読むことは禁断の快楽なのだから、お節介な大人どもは「子供たち」に余計な推奨的働きかけなどしなくてもいいのだ。文学や哲学や社会科学への「嗜癖」は、麻薬や酒へのそれよりも一層強く「人生」に作用する。本を読むことは素朴なる「動物的生」からの卒業であり、身の回りの当たり前の「言説」からの離脱なのだ。「既成の世界」など最早どこにも存在しない。

書物は人を革命家にもすればテロリストにもするし孤独な厭世的思索者にもするし超人を志向させたりもする。社会的桎梏から解き放つこともすればますます絶望させたりもする。あらゆる書物はもれなく読む人間の知的誠実さを試す。書物を開くたび人はその書物に己の真剣度を読まれている。それゆえ、「この本は読む人を選ぶ」というあの俗な物言いは、決して的を外したものではないのだ。読むという行為に際しては、まずはその自分の絶対的主体感覚から疑ったほうがいいのです。

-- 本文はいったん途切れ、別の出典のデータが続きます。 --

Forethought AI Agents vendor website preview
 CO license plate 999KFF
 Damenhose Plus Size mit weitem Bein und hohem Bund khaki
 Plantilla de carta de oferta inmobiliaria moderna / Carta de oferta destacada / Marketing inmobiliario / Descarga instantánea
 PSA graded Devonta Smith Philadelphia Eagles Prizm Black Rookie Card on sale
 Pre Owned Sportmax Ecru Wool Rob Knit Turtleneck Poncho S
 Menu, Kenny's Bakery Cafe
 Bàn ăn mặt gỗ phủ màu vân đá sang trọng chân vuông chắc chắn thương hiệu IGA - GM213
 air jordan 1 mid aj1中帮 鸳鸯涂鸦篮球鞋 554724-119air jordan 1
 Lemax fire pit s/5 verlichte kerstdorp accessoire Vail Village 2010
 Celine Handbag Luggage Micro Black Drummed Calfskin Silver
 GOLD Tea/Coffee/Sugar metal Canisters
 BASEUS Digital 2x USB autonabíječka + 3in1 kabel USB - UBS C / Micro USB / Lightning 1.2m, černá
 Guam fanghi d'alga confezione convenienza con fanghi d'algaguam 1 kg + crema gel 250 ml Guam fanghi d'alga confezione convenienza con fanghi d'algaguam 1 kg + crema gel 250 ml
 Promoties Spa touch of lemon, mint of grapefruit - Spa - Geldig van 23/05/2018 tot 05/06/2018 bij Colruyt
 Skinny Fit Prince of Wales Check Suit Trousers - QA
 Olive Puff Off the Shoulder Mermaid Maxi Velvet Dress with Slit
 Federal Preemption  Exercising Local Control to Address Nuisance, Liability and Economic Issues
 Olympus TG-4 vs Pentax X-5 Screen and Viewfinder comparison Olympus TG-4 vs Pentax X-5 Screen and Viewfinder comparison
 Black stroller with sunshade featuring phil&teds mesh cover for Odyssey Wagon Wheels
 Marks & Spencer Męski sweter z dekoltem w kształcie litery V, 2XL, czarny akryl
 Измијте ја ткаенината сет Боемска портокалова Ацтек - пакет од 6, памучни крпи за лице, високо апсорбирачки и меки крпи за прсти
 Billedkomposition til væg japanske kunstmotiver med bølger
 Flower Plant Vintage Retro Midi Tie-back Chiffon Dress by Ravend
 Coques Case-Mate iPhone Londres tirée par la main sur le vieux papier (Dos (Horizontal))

自ら本を選び読むことを覚えた人間は、自分がどれくらいラディカルで取り返しのつかない一歩を踏み出したかをまだ知らない。はからずも自分の踏み込んだ領域がどれくらいぶっ飛んでいる山道なのかをまだ知らないし、一筋縄ではいかぬ魑魅魍魎的思想がどれくらい跋扈しているかをまだ知らない。

読書週間だとか読書感想文だとかいう教育的俗悪事はもう止めにしてくれ。そんな「押しつけがましさ」くらい読書の本質を毀損させるものは他にない。「読まされる」という公的・学習的経験によって、読むことの能動的・孤高的悦楽が大抵見えないものになってしまう。「子供」の天の邪鬼的気質へのどうしようもない鈍感さがここにある。並みの大人がニコニコ擦り寄っては奨めてくるものに大体ロクなものはないのだ。「良書」を小脇に挟んでは現今の支配的社会システムにお誂え向きの「理念」を飽きずに吹き込んでくる大人たちの、あの熱くもなく冷たくもない微温的態度を、まずは真面目に破砕しなければならない。最終的には「生産活動」にキチンと従事し「納税義務」をキチンと果たす人材に「子供」を仕立て上げようとする、あの体制内的・無意識的凡庸性に、キチンと誠実に冷や水を浴びせ掛けなければならない。知的に未熟なのは今の世界システムに安住して何一つ思い煩うことのないお前の方だと、面罵してやらねばならない。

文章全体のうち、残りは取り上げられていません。